M and I had couples counseling with L at noon, and I'm not even sure if I was present. I'm still trying to figure out how I'm supposed to 'be' with L, so I guess that's where I was. But I think I zoned-out most of the time, or sort of removed myself. I couldn't even look at L, it was like I was trying to punish her, yet at the same time I wanted to get her attention.
One of the things that was sort of interesting was that M had me pegged. She knew I was not quite there, and even when I denied it she called me on it, she said I was just faking it, and I was. Then L picked up on M always trying to pry info out of me, and me resisting. So I know that I continue to repeat my bad habits with both M and L. I guess I'm a classic case, very text book like.

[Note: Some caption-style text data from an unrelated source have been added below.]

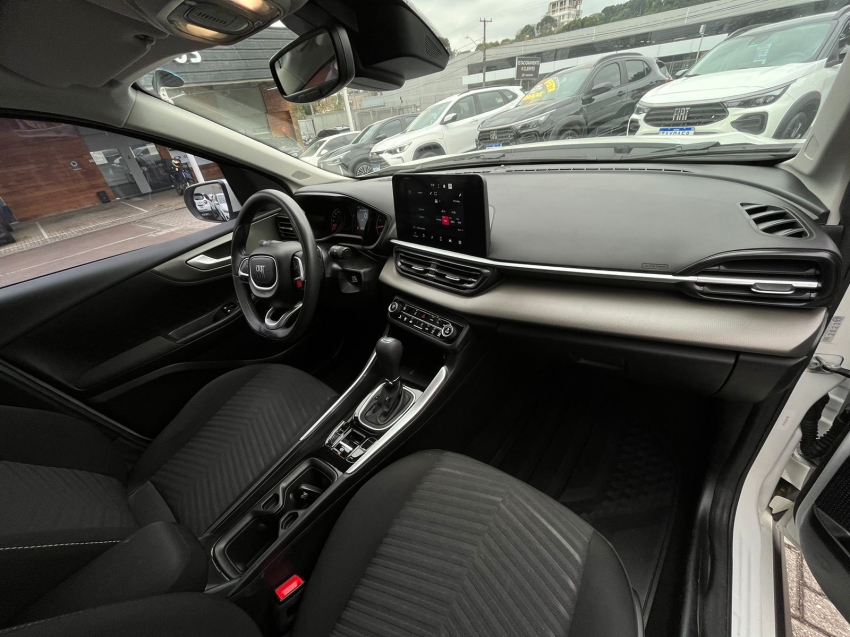 fiat fastback 1.0 turbo 200 flex audace cvt 4p automatico 20238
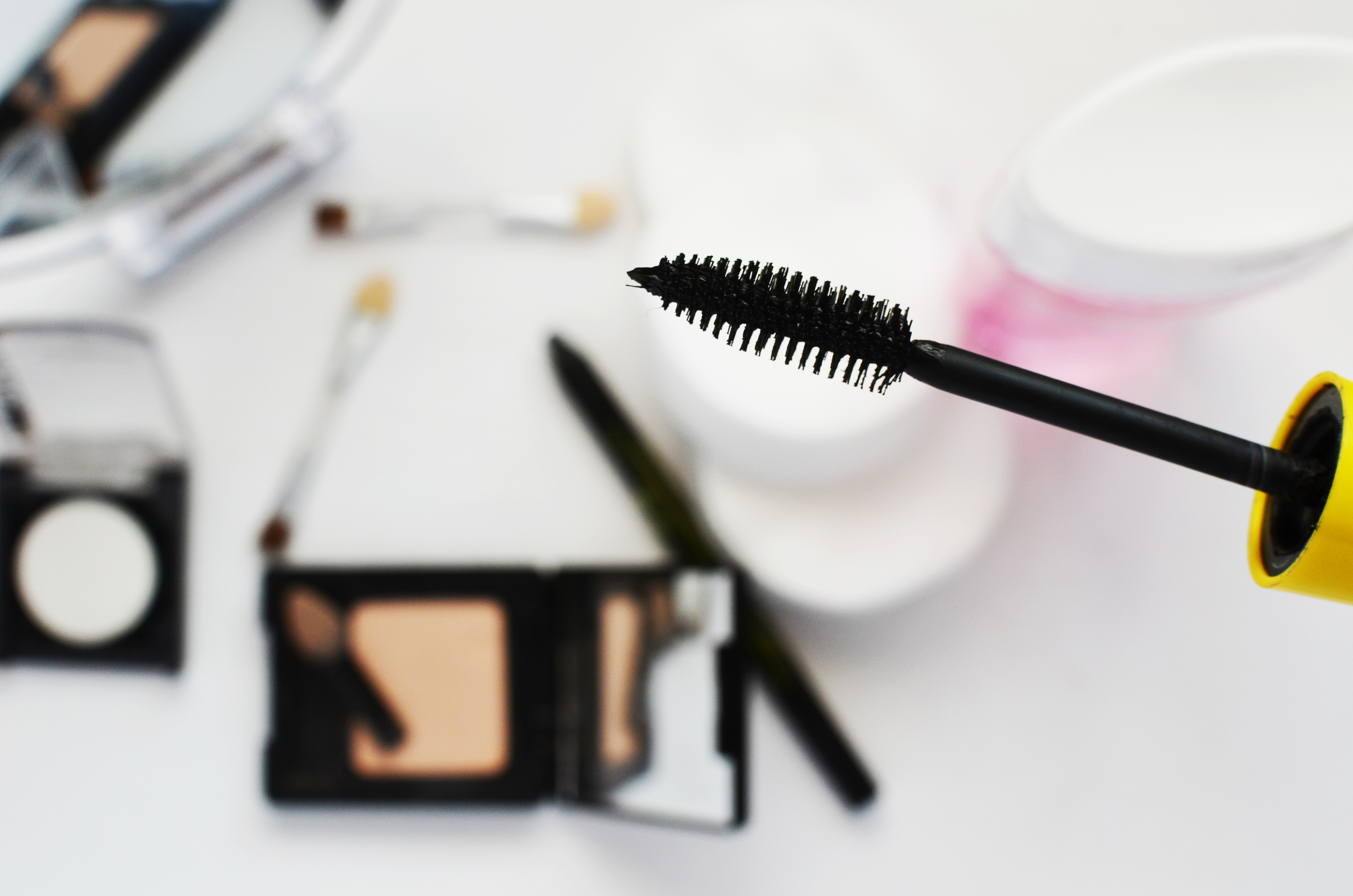 Maquillage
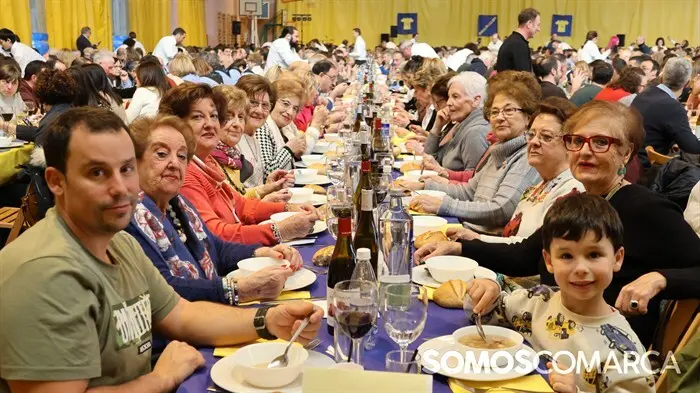 somoscomarca_250124_arua_festacodillo_codillo_pabellon1053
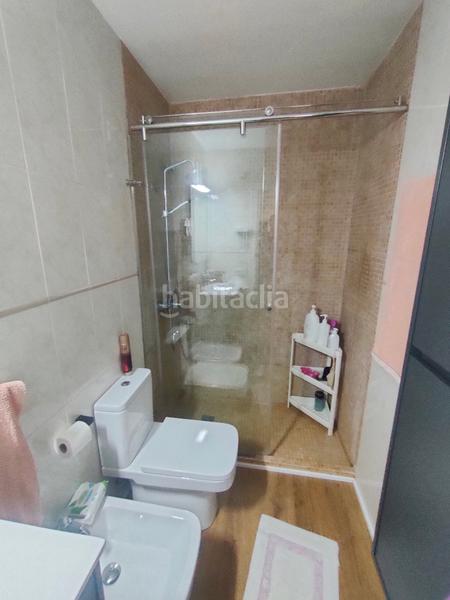 Foto c69a9b15-b8a9-42d2-a593-30f3b1b1c795. Flat in Plaça de Toros Palma de Mallorca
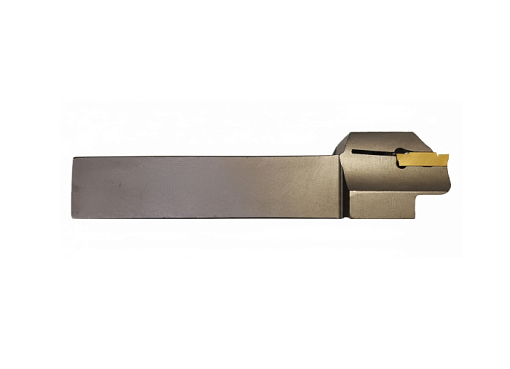 Фото 0 товара FGHH325R-30/35 DKR державка прямая для торцевых канавок Deskar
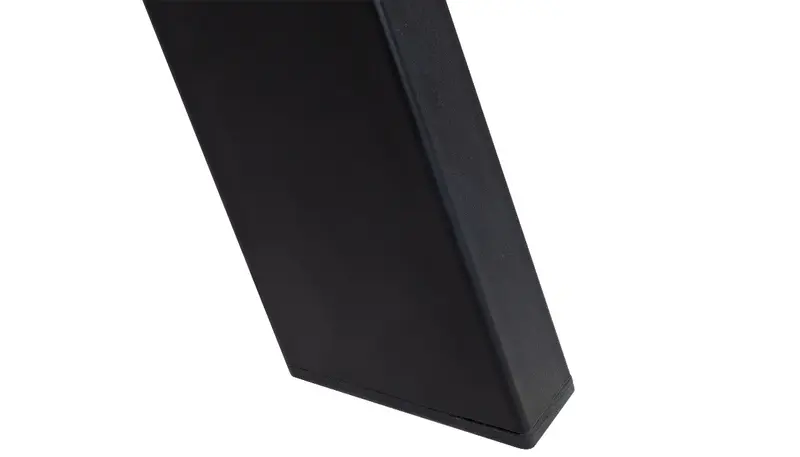 Tavolo Marburg 180x100 rovere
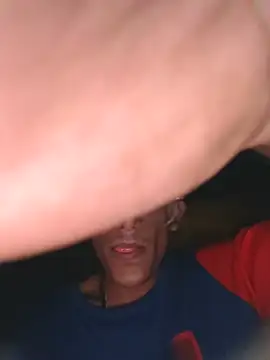 ThejasRockey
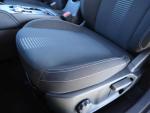 ford-kuga-2-5-phev-2025-gasolina-2488cc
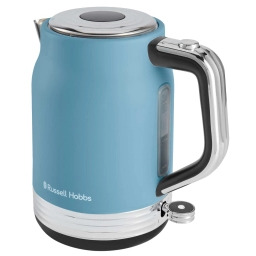 Russell Hobbs 28641-70 1,7l 2400W Czajnik kuchenny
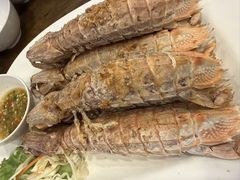 -两兄弟Song Pee Nong(2号店)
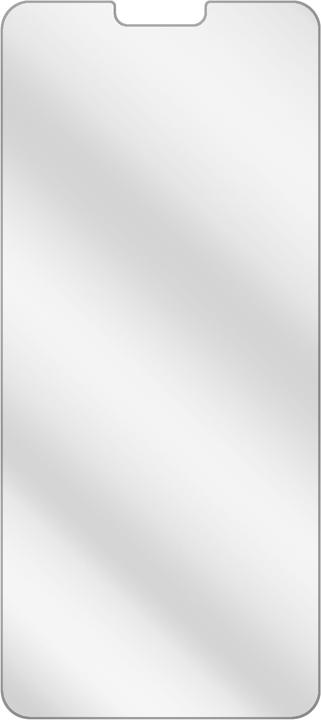Produktbild Dipos Displayschutzfolie Crystalclear (4 Stück, Ulefone T2 Pro)
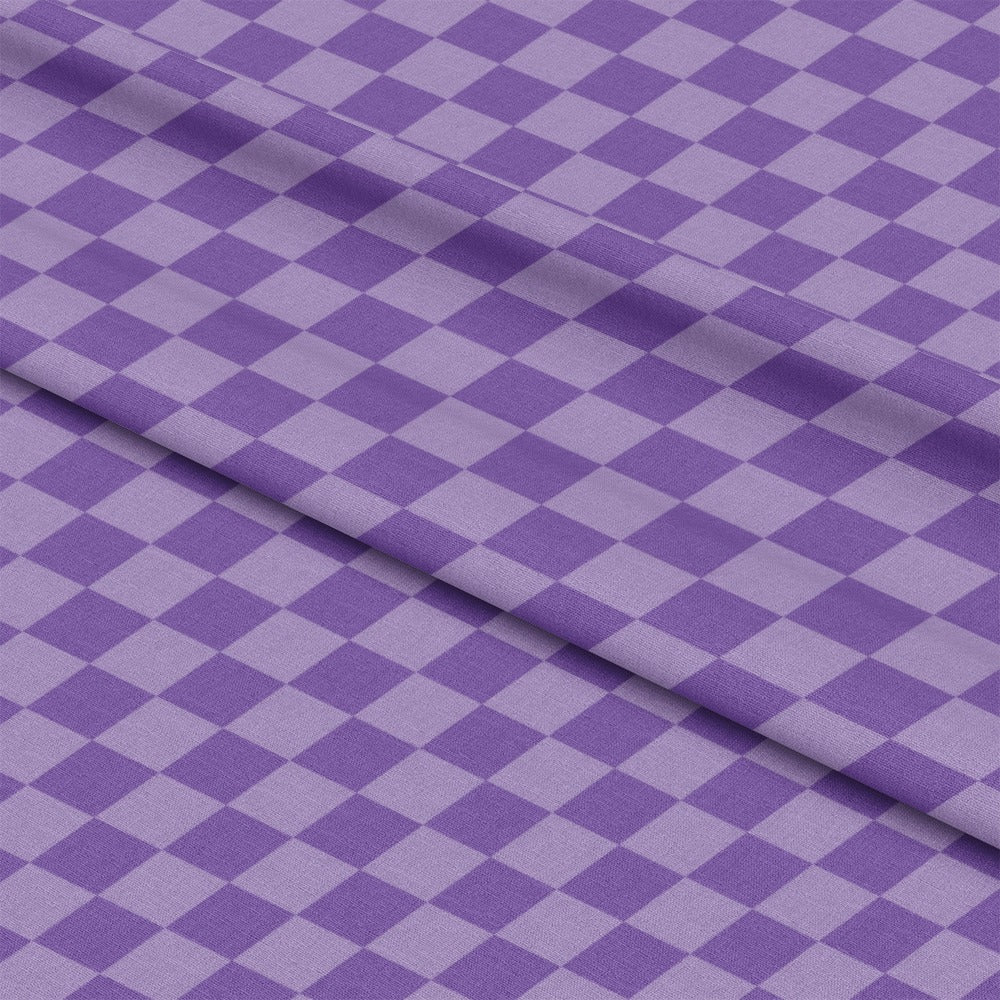 mockup-lying (auto)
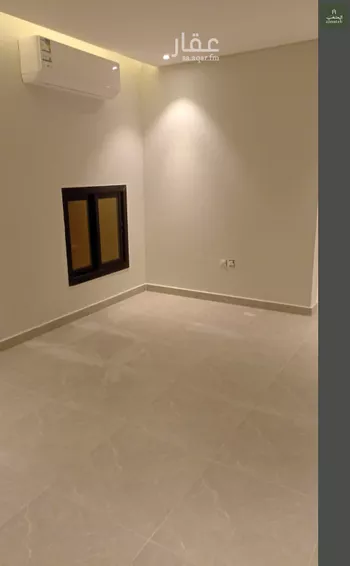 شقة للإيجار في شارع الانوار, حي الندوة, مدينة الرياض, منطقة الرياض صورة 3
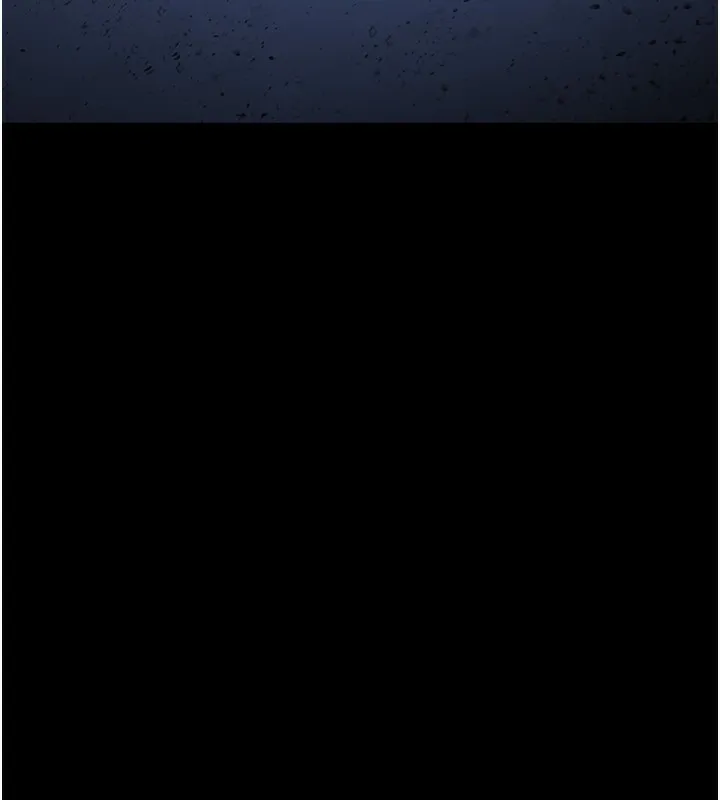 夜間診療室第111話-自己戴上項圈的母狗
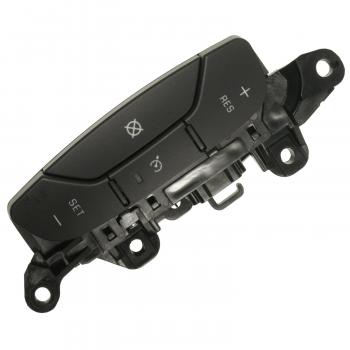 Standard Motor Products CCA1100 Cruise Control Switch product image 1 of 3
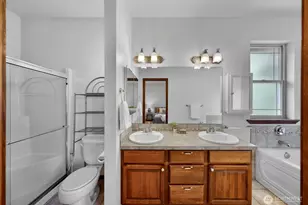 3217 Locust Ave, Bellingham, WA 98225 - Photo 20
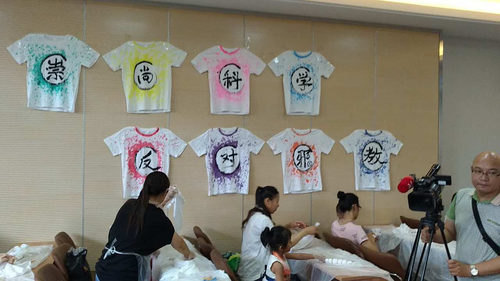 图片1 图片1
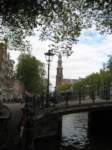 img_1004westerkekprinsengracht_small.jpg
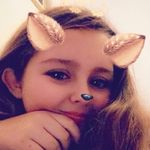 Keeley Hill - @keeleyhill2005 - Instagram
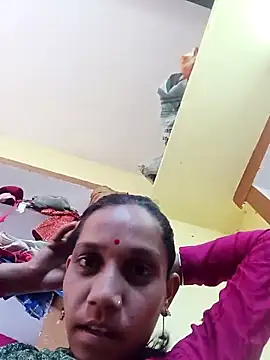 Karishma singh online show from March 13, 6:53 am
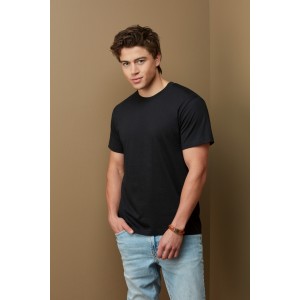 Чоловіча футболка  COMFORT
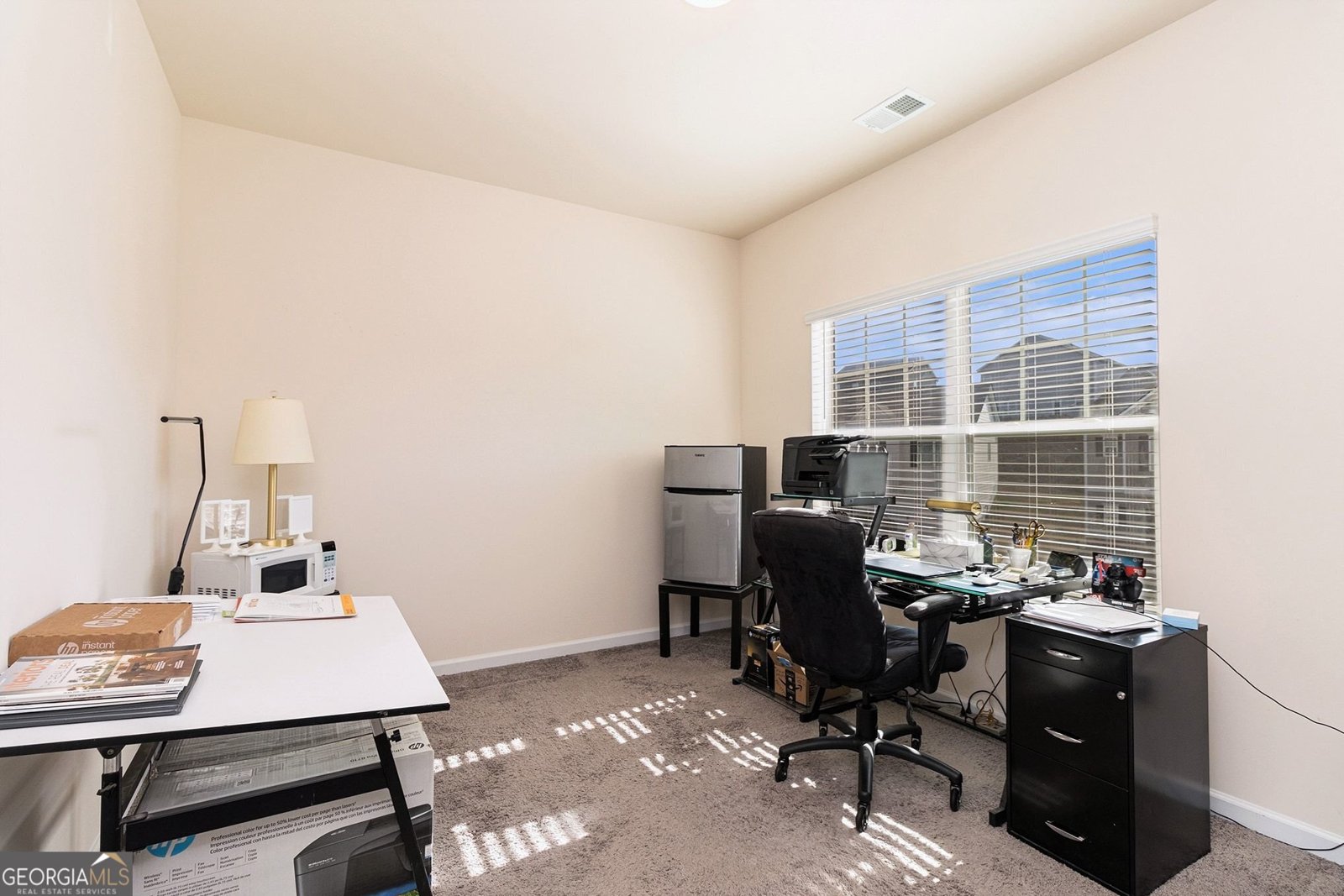 190 Malbone Street Cartersville - Photo 16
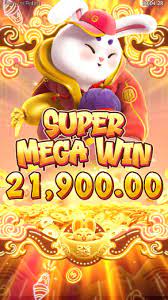 l6bet|Bingo Online – Baixe o App no Cassino Internacional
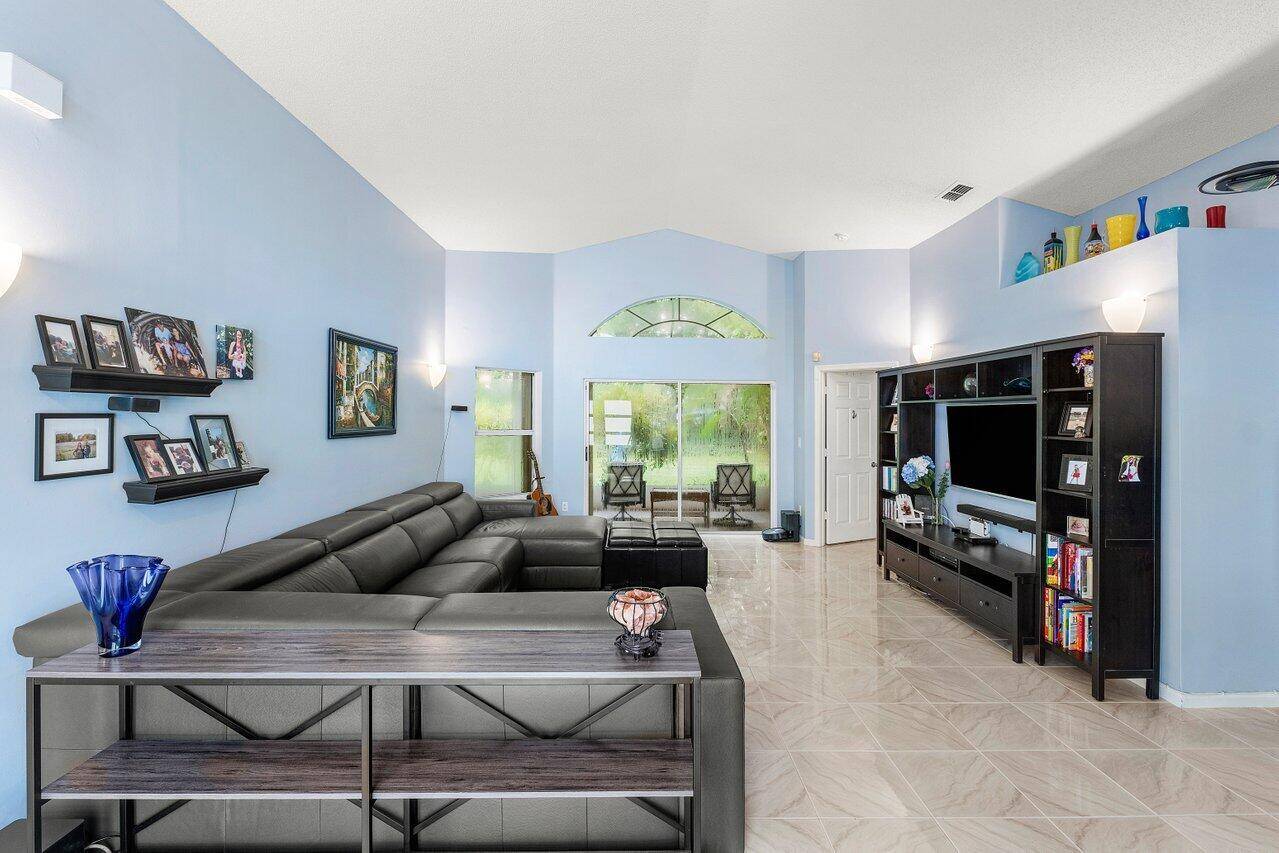 Delray Beach, FL 33446,7782 S Stirling Bridge BLVD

I kept looking at my watch, something I never do. But I just needed to survive the session.
The weird part is that M and I are actually making really good progress, despite the weird crap that goes on in my head. It's amazing how much this entire life altering process is affecting us, our relationship, and how much old stuff we both bring with us. Just the 'simple' process of selling the house has brought up all kinds of stuff.
You see I'm a thrower-outer and M is a keeper. We have a basement, actually a whole household full of stuff that we don't use, that we haven't touched in the 7 years we've lived in our house. So initially M and I would struggle on the approach to take to de-clutter the house, and many times our 'discussions' would lead to fights and hurt feelings. Talking with L about this has helped tremendously. There's a lot of emotional ties to 'stuff' and it brings up other major life changes and how they turned out. It's been extremely helpful to get past the initial issue to discover and work through what really is going on.
So that's been my day today. I see L in the morning and I'm still not sure how I'll be. When do I start acting like a normal person?